Pucci had turned into quite the calculated mastermind at this point: in the subsequent decade, he took on the cloth of Catholic Fatherhood, and climbed the ranks of one of the most hierarchical systems in the modern world: a state prison. Florida's Green Dolphin Street Prison, to be exact, situated on an island off the wetlands of Cape Canaveral. Officially, Pucci was employed as the Prison Priest, and he performed his pastoral duties to the highest regard of the law. Under wraps, Pucci ruled the prison from the grassroots up: inserting Stand disks into criminals to create an entourage of hired muscle. The head guard? A Stand-User made by Pucci who had the ability to box people's short-term memory to a limit of three pieces of information. The prison shack watch? Plankton. Pucci threw a Stand disk into the sea to create a shape-shifting Plankton. Another inmate of Green Dolphin? Weather. Pucci had presumably engineered a illegitimate-sentence so he could keep watch over his twin brother, who lived slammer-life as a quiet, eccentric amnesiac. 

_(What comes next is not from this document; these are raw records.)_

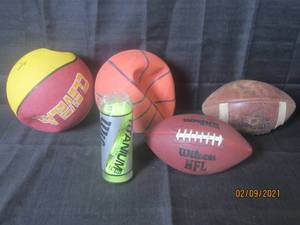 lot 350 image: SPORTS LOT&nbsp&nbsp-TENNIS BALLS , FOOTBALLS ,BASKETBALLS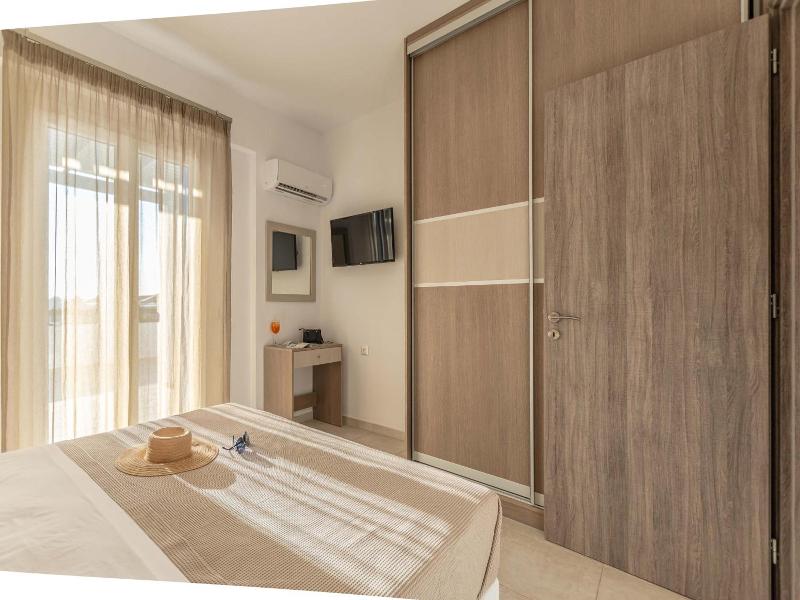 Evripus Suites Naxos image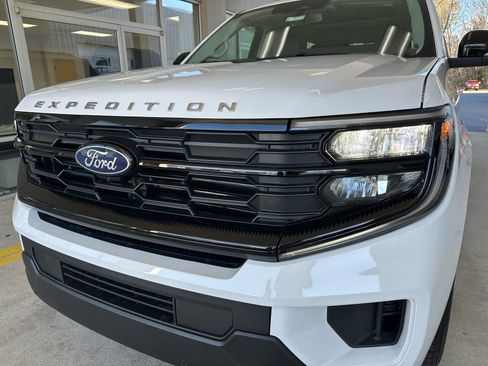 New 2026 Ford Expedition Active image 2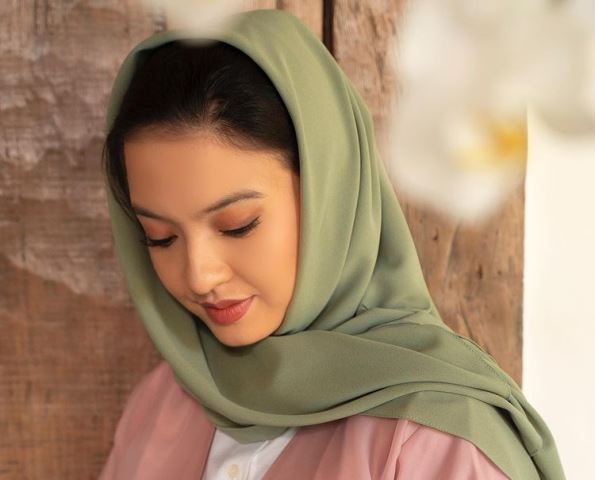 Terpesona Cantiknya Raline Shah Pakai Hijab: Ukhti Idola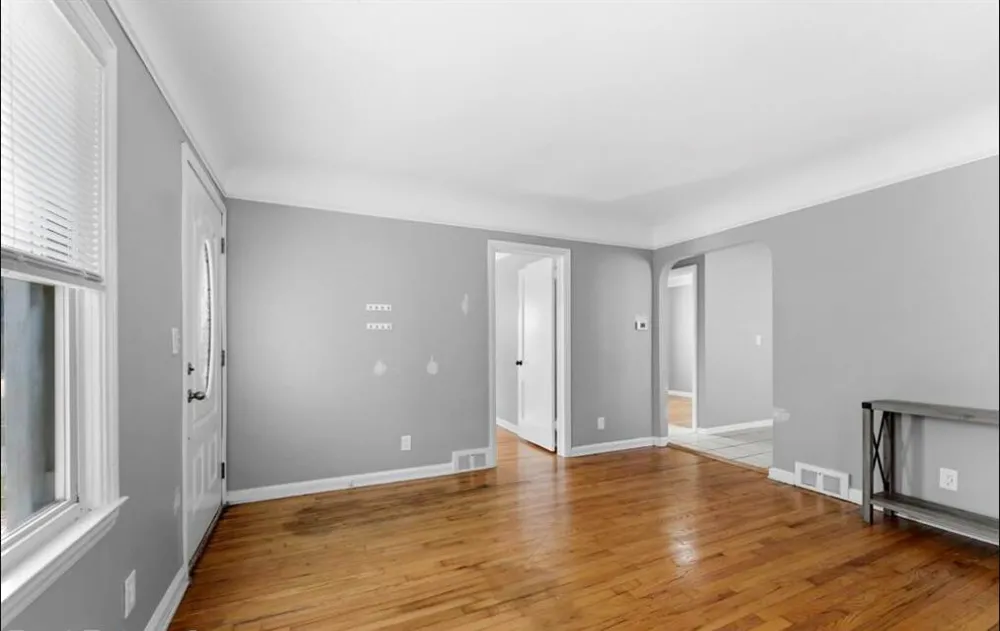 14986 University Street Allen Park City, MI 48101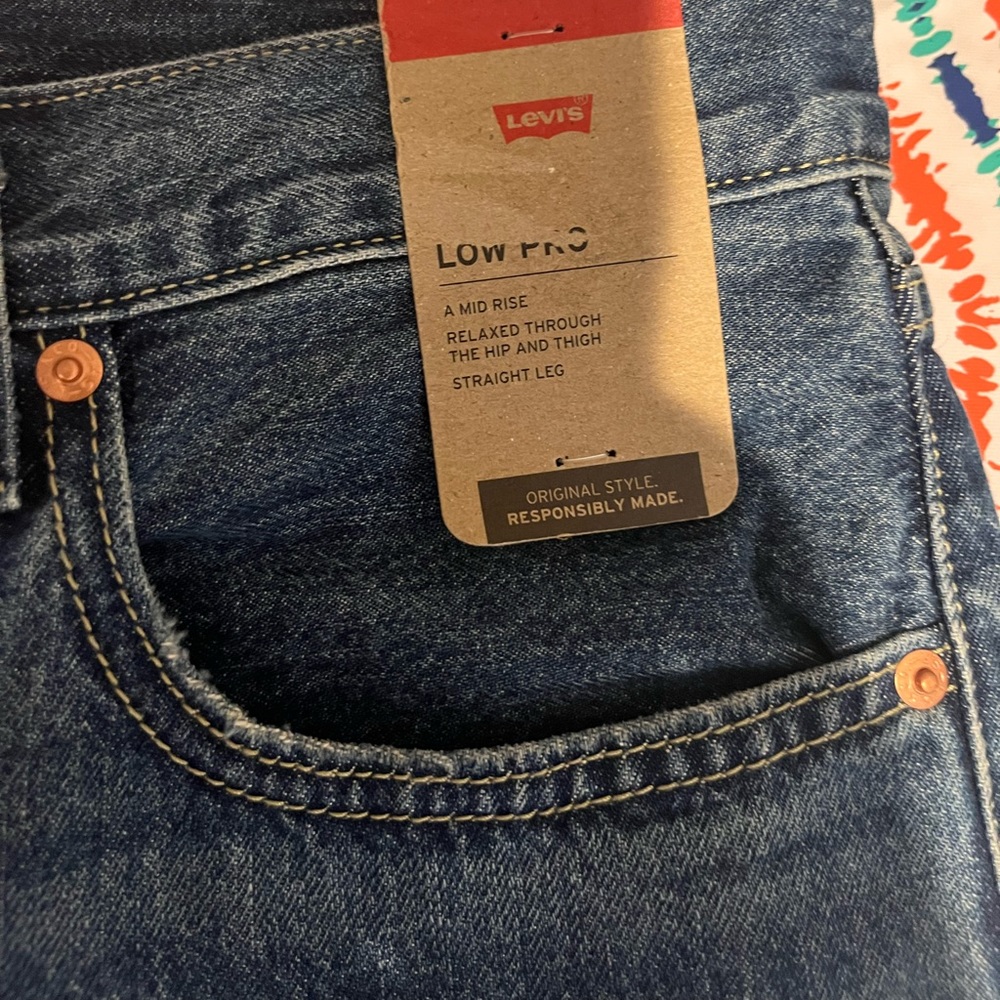 Levi’s low pro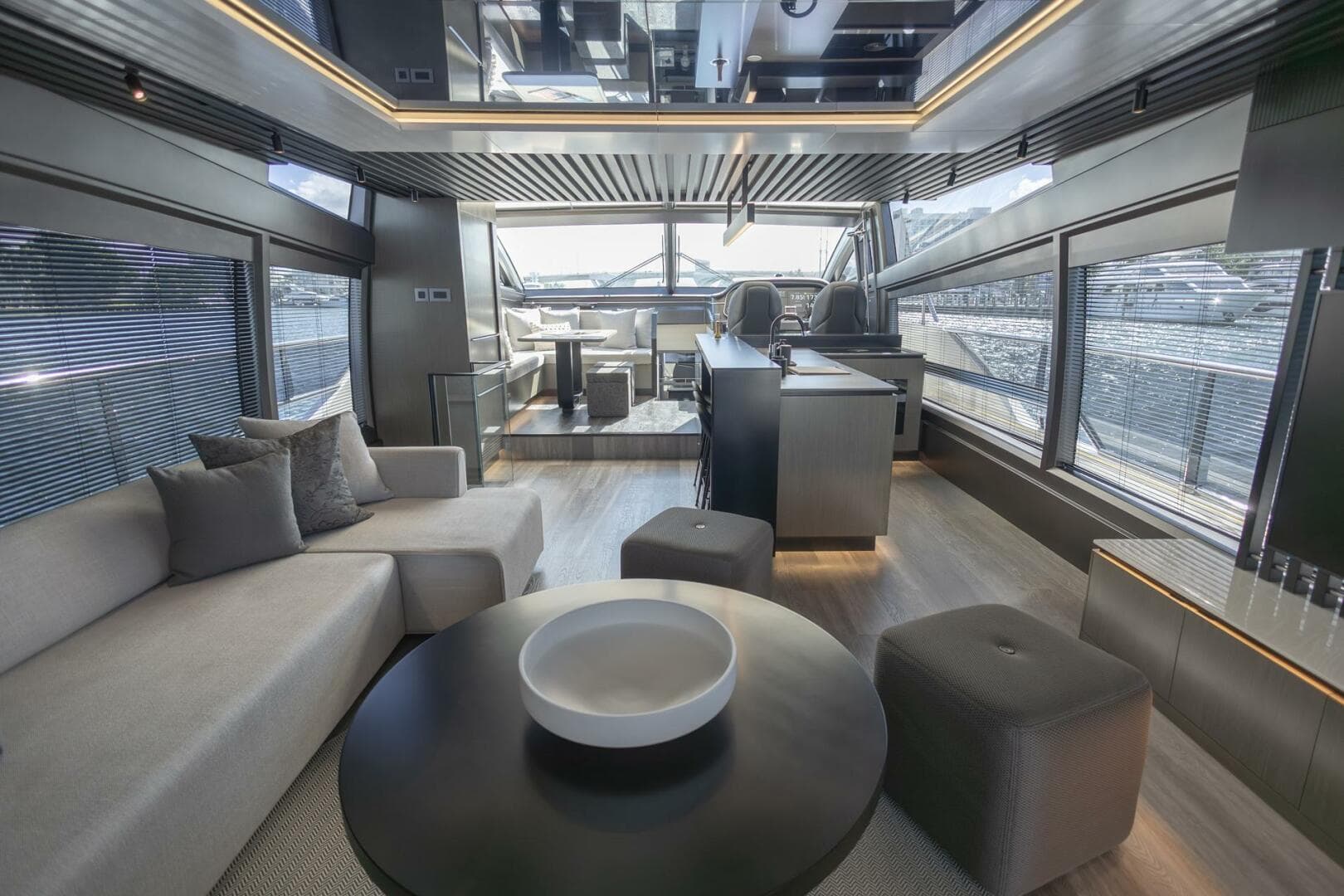 2025 Pearl 72 — photo 14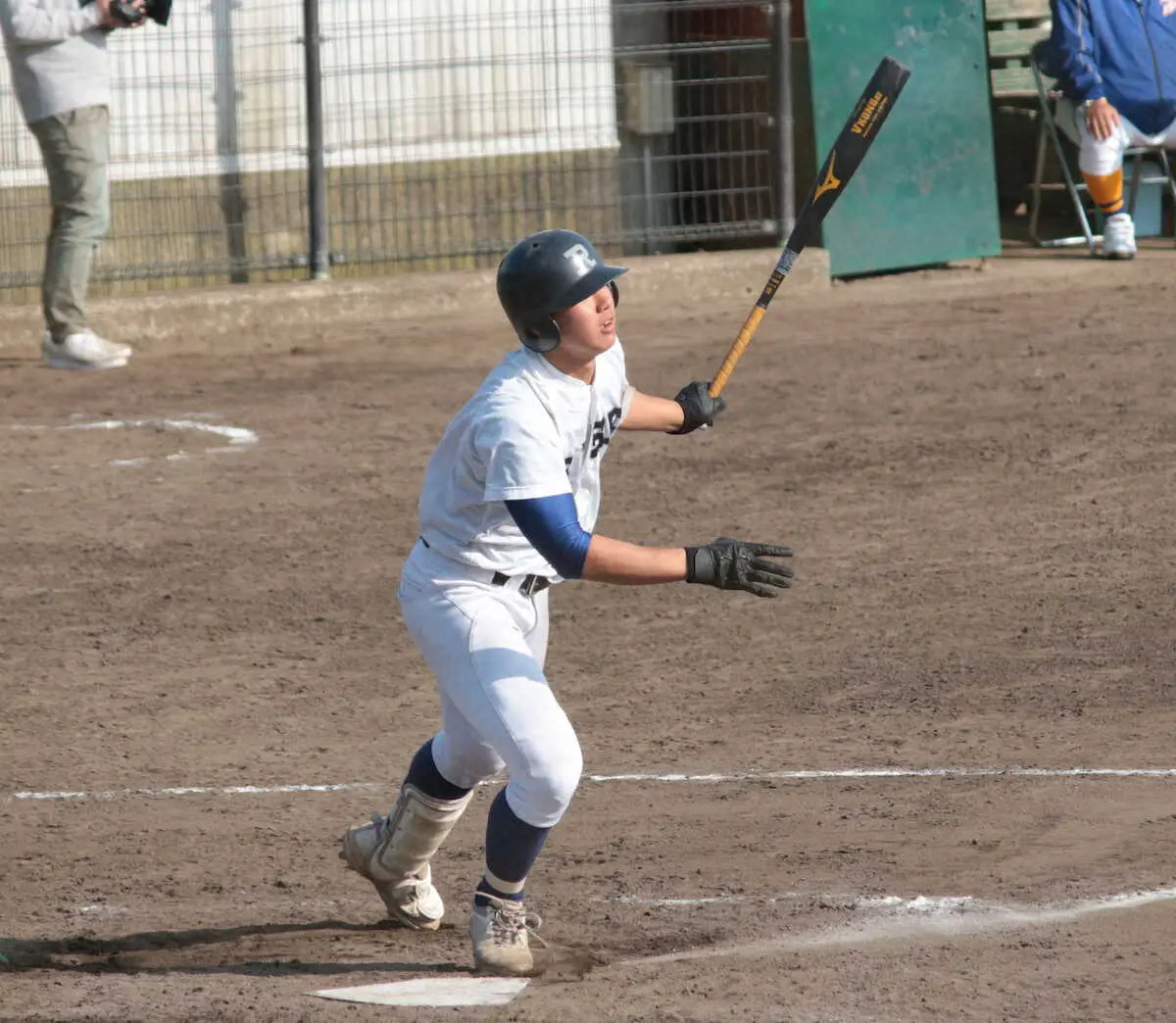 【画像・写真】履正社「恐怖の3番」森田が春初戦で豪快2ラン「選抜で5割、2発」　4番・坂根も好調5安打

Fast forward to 2011. In order to mobilize Dio's plans, Pucci needed to know what was written in his journal. The only person who had read the journal was Jotaro, who had aged to his forties at this point, now a father of a 19 year old named
Jolyne. Pucci cooked up an elaborate frame to have Jolyne jailed for an alcohol-induced hit-and-run manslaughter, thanks to the help of a handful of prison assassins and s
winish lawyers. This scenario was executed under the assumption that Jotaro would soon visit his daughter to warn her of the framing. It all worked out impeccably: Jotaro did visit Jolyne, only to be ambushed and rendered torpid when Pucci used Whitesnake to steal both Jotaro's memories and his Stand.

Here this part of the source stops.